Finance Minister of Uttarakhand
- In office 18 March 2017 – 5 June 2019
- Chief Minister: Trivendra Singh Rawat
- Preceded by: Indira Hridayesh
- Succeeded by: Trivendra Singh Rawat

Minister of Tourism,Drinking Water, Election, Culture, Pilgrimage & Environment
- In office 7 March 2007 – 12 March 2012
- Chief Minister: B.C. Khanduri Ramesh Pokhriyal B.C. Khanduri

1'st Speaker of the Uttarakhand Legislative Assembly
- In office 2000–2002
- Preceded by: Office established
- Succeeded by: Yashpal Arya

MLA of Uttarakhand Legislative Assembly
- In office 2002–2012
- Preceded by: Krishna Chandra Punetha
- Succeeded by: Mayukh Mahar
- Constituency: Pithoragarh
- In office 2017–2019
- Preceded by: Mayukh Mahar
- Succeeded by: Chandra Pant
- Constituency: Pithoragarh

Member of Legislative Council
- In office 1998–2002
- Succeeded by: Constituency abolished
- Constituency: Kumaon Local Authorities

Personal details
- Born: 11 November 1960 Pithoragarh, Uttarakhand, India
- Died: 5 June 2019 (aged 58) Houston, Texas, U.S.
- Party: Bharatiya Janata Party
- Spouse: Chandra Pant
- Children: 1
- Education: Diploma in Pharmacy (D.Pharm) from Government Polytechnic College in Dwarahat and B.A. degree from the Eastern Institute for Integrated Learning in Management

= Prakash Pant =

Indian politician and pharmacist (1960–2019)

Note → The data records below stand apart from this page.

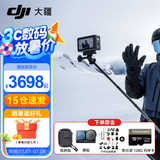 大疆（DJI）Action 6 运动相机 户外摩托骑行潜水徒步vlog便携式4K全能旗舰级摄像机可变光圈 Osmo Action 6 套装版户外全能套餐 标准版（不含随心换）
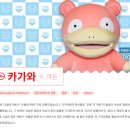 다카마쓰 자동차여행 2일차] 나카노 우동학교 고토히라점 체험 후기, 춤추며 발로 면을 치대는 족타의 재미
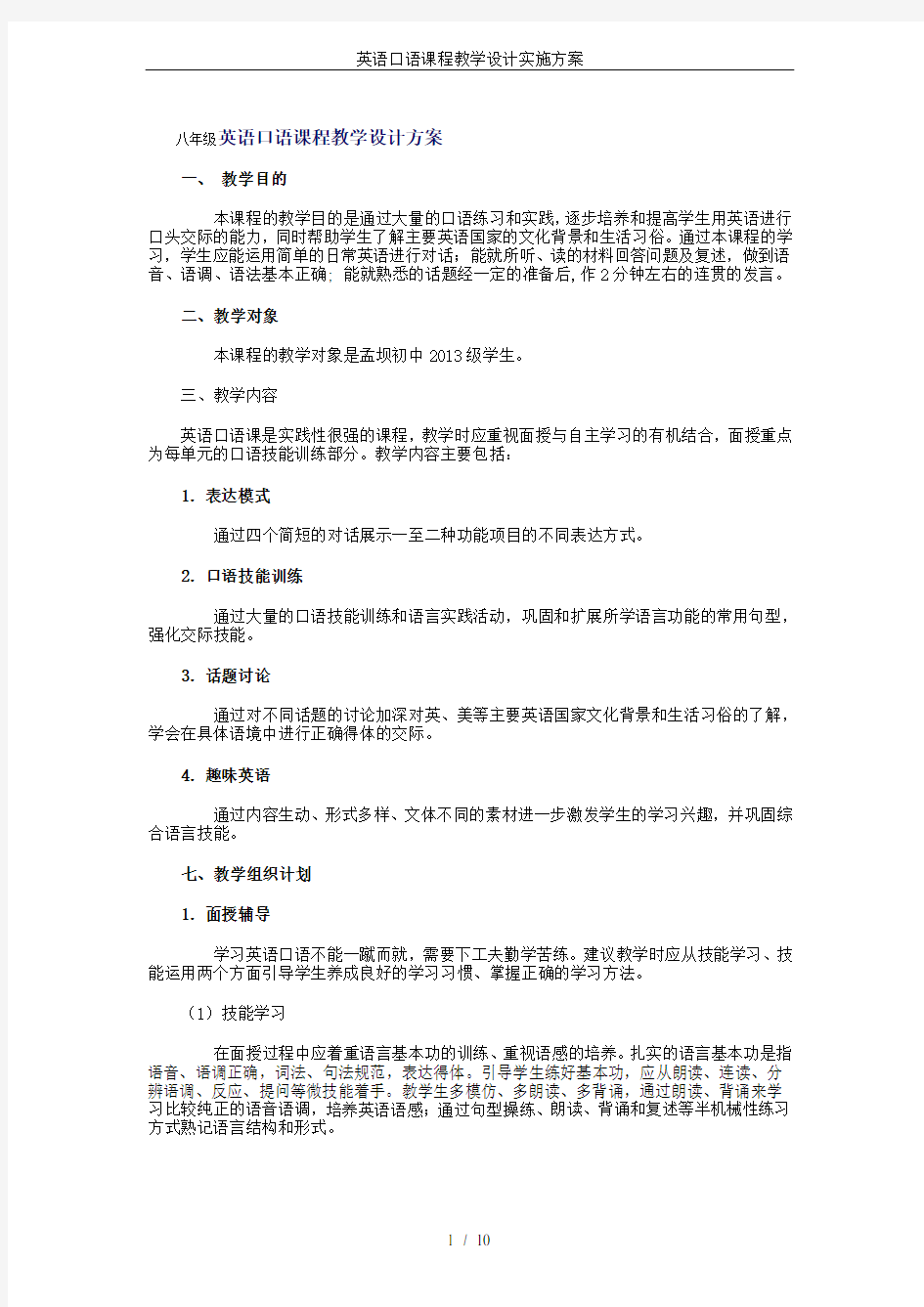 英语口语课程教学设计实施方案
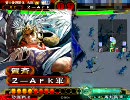三国志大戦3　今こそ雄飛の時。番外編その5(武力5以上大会)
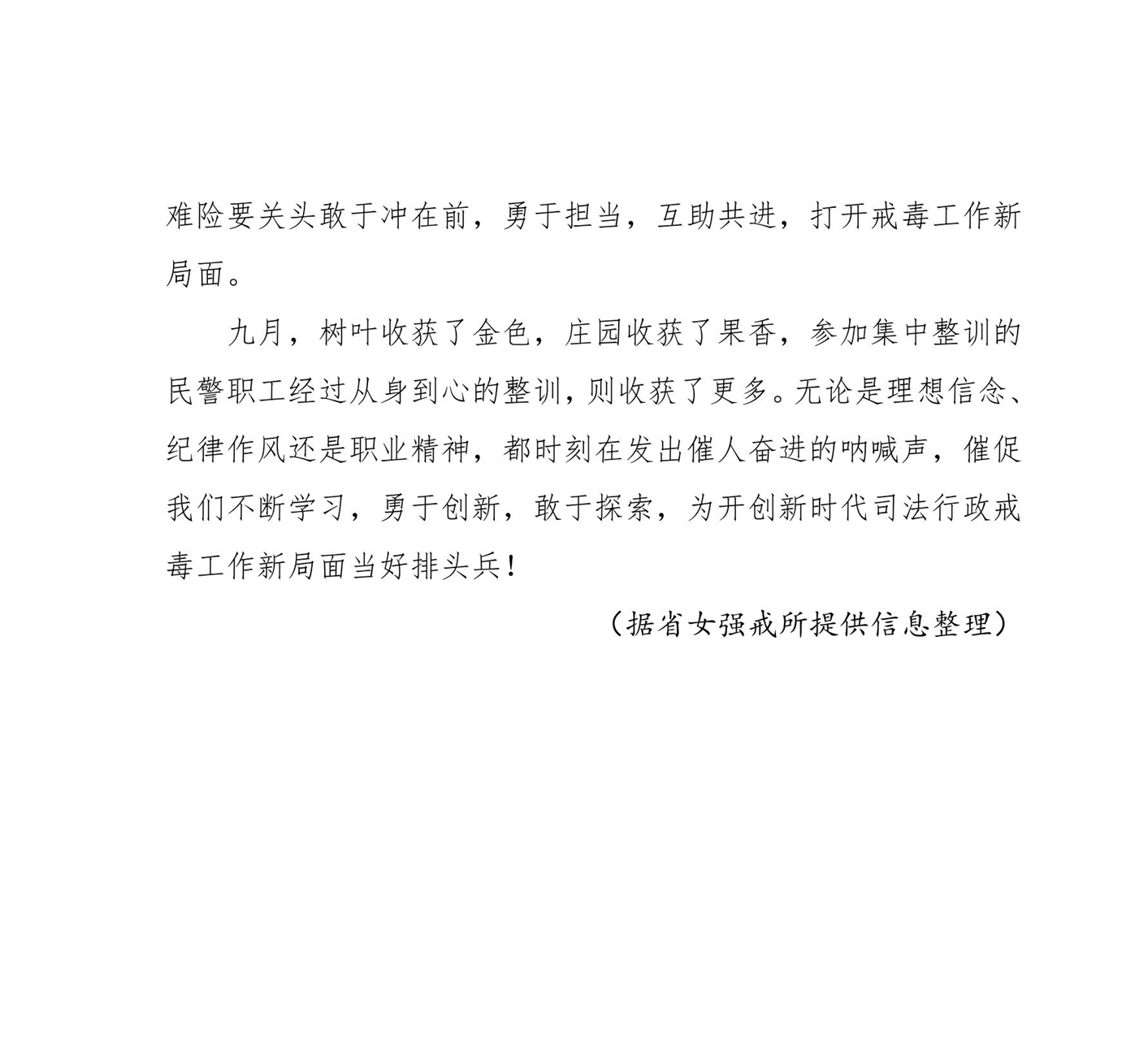 【“大学习大整顿大练兵”专项活动】简报（第10期）_12.jpg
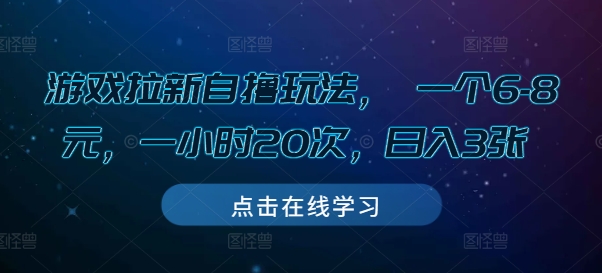 游戏拉新自撸玩法， 一个6-8元，一小时20次，日入3张【揭秘】-创业网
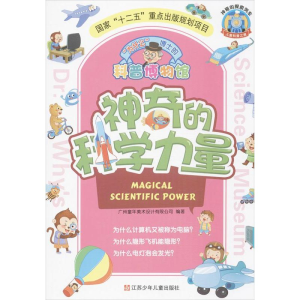 醉染图书的科学力量9787534677595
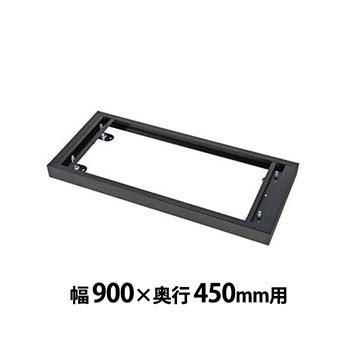 ベース ブラック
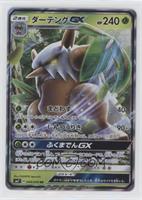 Shifty GX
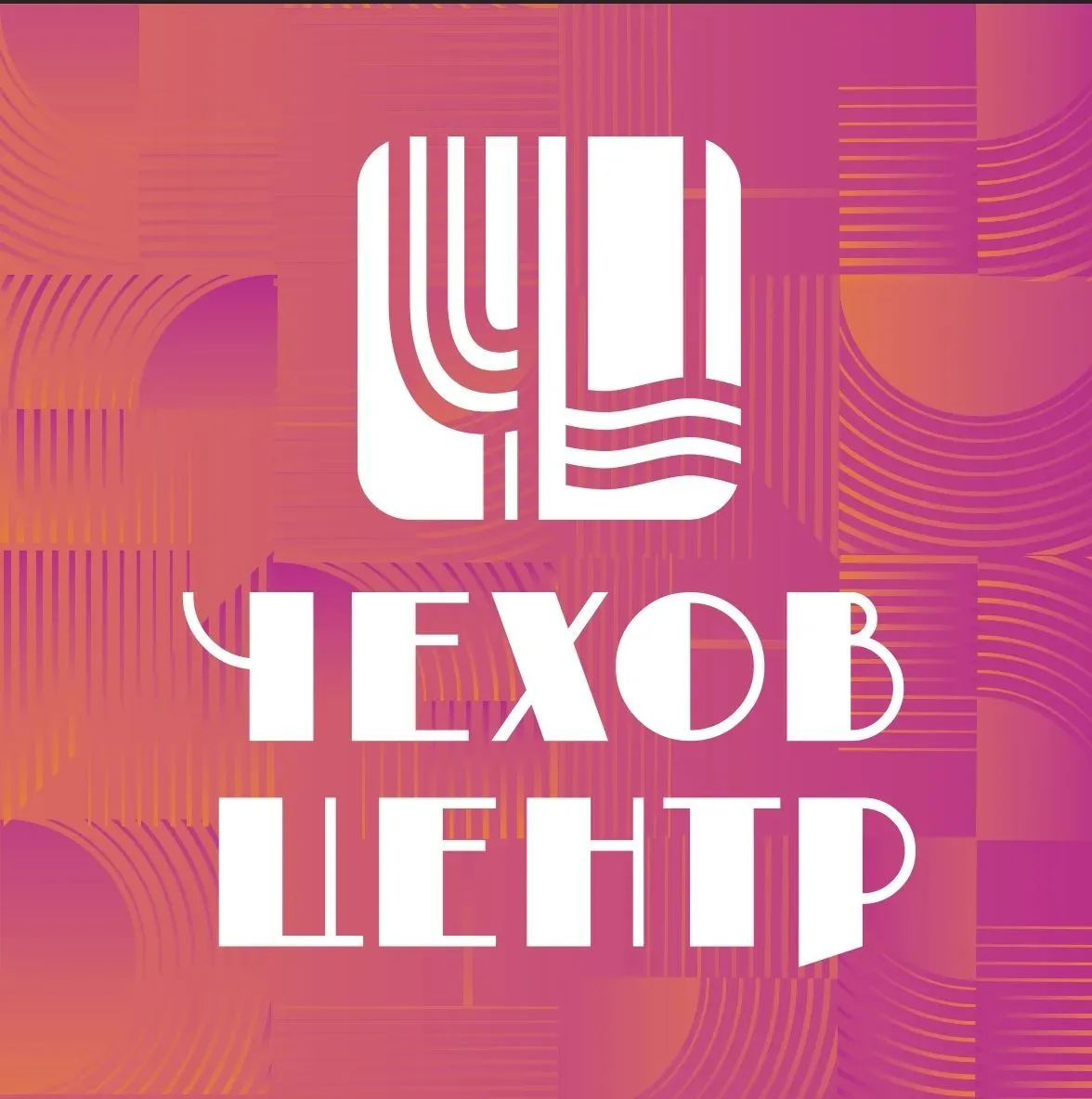 ЧЕХОВ-ЦЕНТР — канал в мессенджере MAX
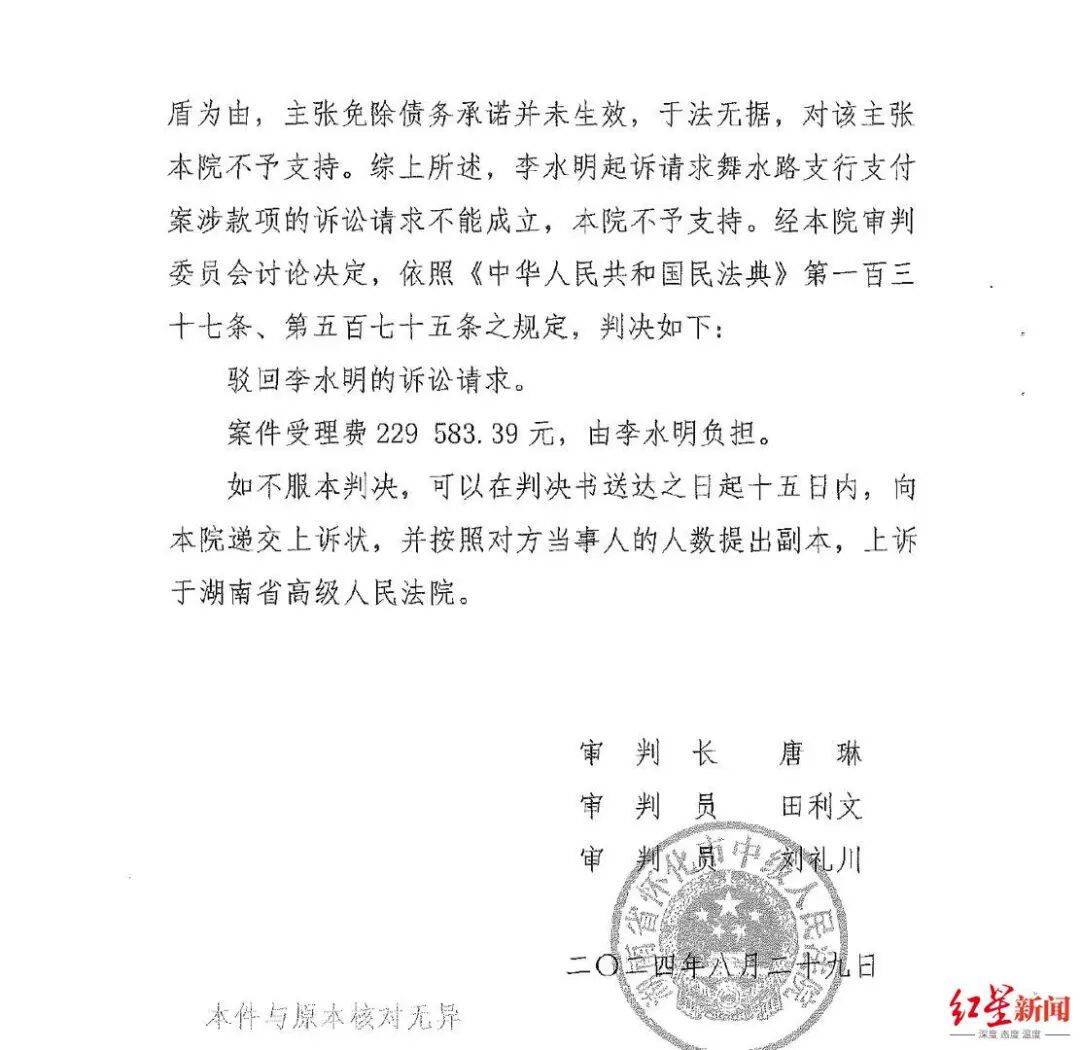 银行支行长挪用278名储户超2亿<strong></p>
<p>币圈的社区</strong>，获刑11年，一储户起诉银行索回3755万一审败诉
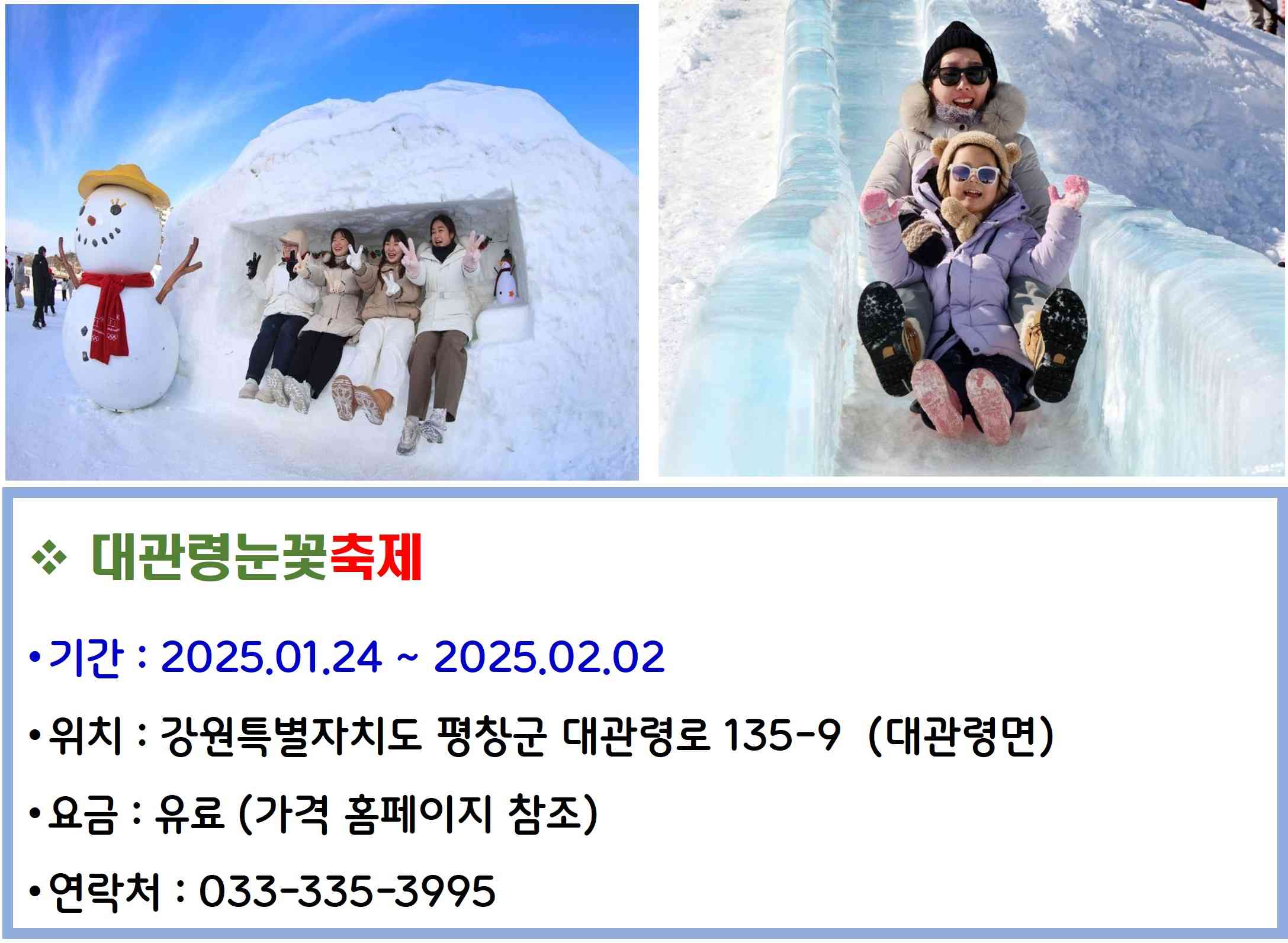 대관령눈꽃축제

Prakash Pant (11 November 1960 - 5 June 2019) was an Indian politician and pharmacist and a member of Bharatiya Janata Party who served as the first speaker of Uttarakhand Legislative Assembly. He was elected from Pithoragarh (Vidhan Sabha constituency) in the 2002 , 2007 and 2017 but in 2012, he lost to Mayukh Mahar of Indian National Congress by a significant margin before regaining it from him in 2017. He was the first speaker of Uttarakhand Legislative Assembly. He was also a minister in Government of Uttarakhand with portfolios of Finance, Tourism, Culture, Pilgrimage Endowment, parliamentary Affairs & Reorganization. He was MLC from 1998 till 2002 before the formation of Uttarakhand.

He died of lung cancer in Houston, Texas on 5 June 2019.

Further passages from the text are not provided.